Dossier : Pandémies : Qui est le coupable ?

Pandémies : L’inaction organisée

L’origine des zoonoses, de l’avis d’experts qui alertent depuis longtemps déjà, est plus à rechercher du côté des activités humaines que d’un animal en particulier.

Plus d’un an après l’émergence de la pandémie de Covid-19, une équipe d’experts chinois et de l’Organisation mondiale de la santé (OMS) a enquêté sur ses origines en se rendant à Wuhan, en Chine. Un mois plus tard, ils décident finalement de ne pas rendre publiques leurs conclusions provisoires et renvoient ultérieurement à leur rapport complet. Dans la foulée, un collectif d’une trentaine de personnalités appelle à la conduite d’une investigation complète et indépendante. Les premiers résultats n’étaient pas concluants, notamment sur l’épineux sujet de l’animal vecteur du virus et intermédiaire entre la chauve-souris et l’homme. Pangolin ? Vison ? Blaireau ? Rat des bambous ? Lapin ? Un mystère qui pourrait prendre plusieurs années avant de trouver sa résolution.

Au-delà de la psychose épidémiologique poussant à chercher la culpabilité d’un animal, c’est bien le système global conduisant à ces zoonoses – maladies ou infections se transmettant des animaux vertébrés à l’homme – qui doit être scruté et questionné. « Trouver l’origine est important pour décortiquer les mécanismes d’émergence, pour comprendre comment les zoonoses sortent de leurs réservoirs. Mais pointer tel animal comme responsable n’est pas vraiment pertinent car ces virus font partie de la biodiversité, explique Gwenaël Vourc’h (1), directrice adjointe de l’unité mixte de recherche “Épidémiologie des maladies animales et zoonotiques” à l’Institut national de recherche pour l’agriculture, l’alimentation et l’environnement (Inrae). Ce sont les activités humaines qui créent des situations impactant l’écologie de ces animaux, par l’occupation des terres, la destruction de leurs habitats par exemple, et qui favorisent l’émergence et les opportunités de transmission des virus à l’humain. »

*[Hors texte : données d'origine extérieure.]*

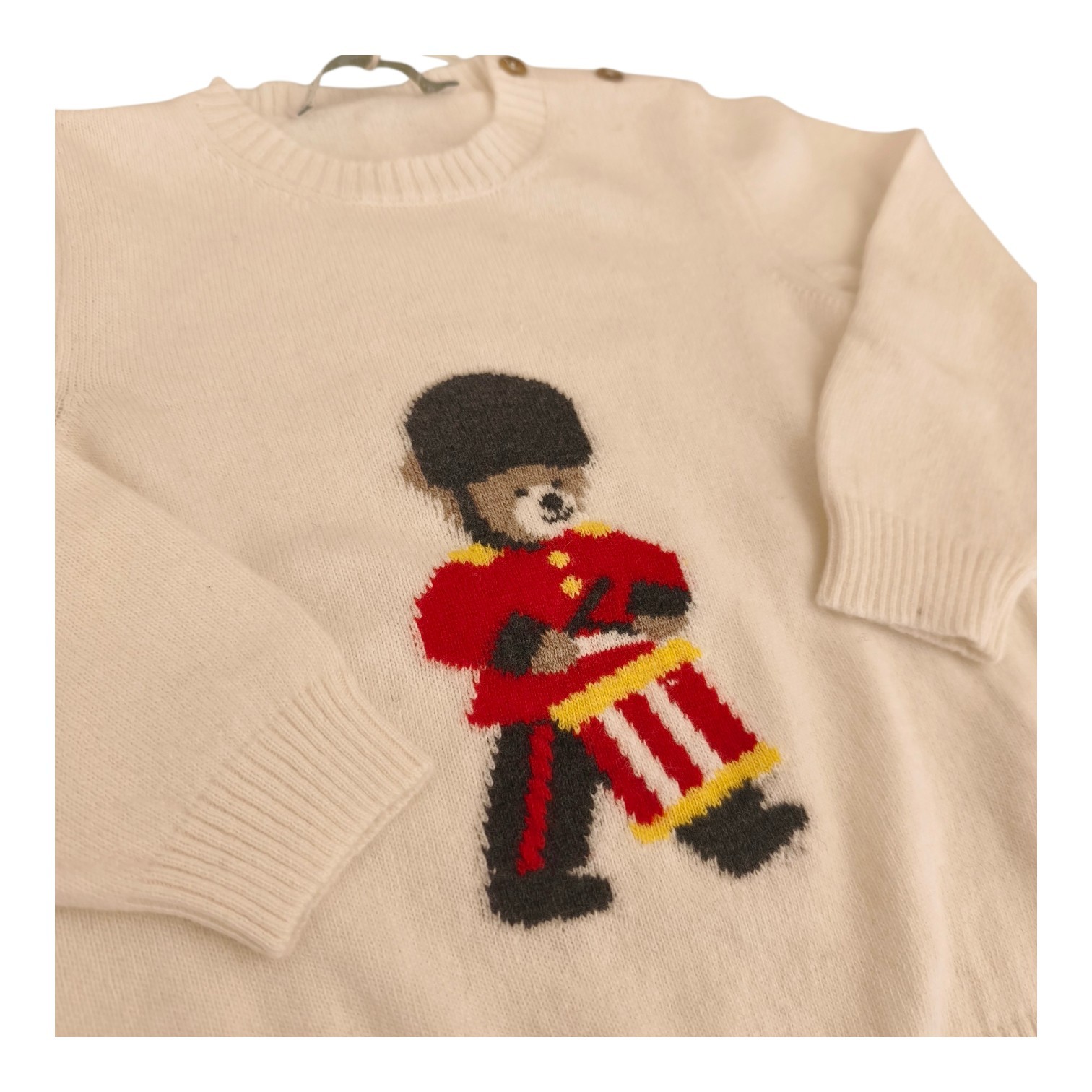 Maglioncino girocollo in lana cashmere con soldatino - immagine 2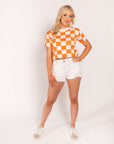 CHECKERED KNIT CROP- ORANGE AND WHITE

S’intéresser en priorité aux causes d’émergence peine encore à faire son chemin dans les politiques publiques répondant aux crises sanitaires, car cela impliquerait de reconnaître la responsabilité humaine et de remettre en cause le système économique et social reposant sur la mondialisation. Un « aveuglement collectif », « une politique de l’autruche » et un « fonctionnement en silo des disciplines scientifiques et des instances ministérielles » qui ne sont plus acceptables à l’heure de l’anthropocène, pour Marie-Monique Robin. Dans son livre La Fabrique des pandémies (2), la journaliste interroge 62 scientifiques du monde entier sur la situation actuelle : tous sont convaincus que d’autres pandémies arriveront si on ne mise pas sur la prévention. Et quasiment tous oscillent entre lassitude, désillusion, dépit et inquiétudes profondes, car la plupart alertent depuis des décennies sur ce qui est en train d’arriver.

En 1989, déjà, la conférence de Washington sur les maladies et virus émergents mentionnait les causes anthropiques. « Les scientifiques alertent sur cette question depuis bien avant l’établissement de la convention sur la diversité biologique, qui date du sommet de la Terre de Rio de 1992. La recherche sur ce lien entre pandémies et biodiversité fait l’objet de publications depuis une vingtaine d’années », a confirmé sur France Culture Anne Larigauderie, écologue et secrétaire exécutive de la Plateforme intergouvernementale scientifique et politique sur la biodiversité et les services écosystémiques (IPBES).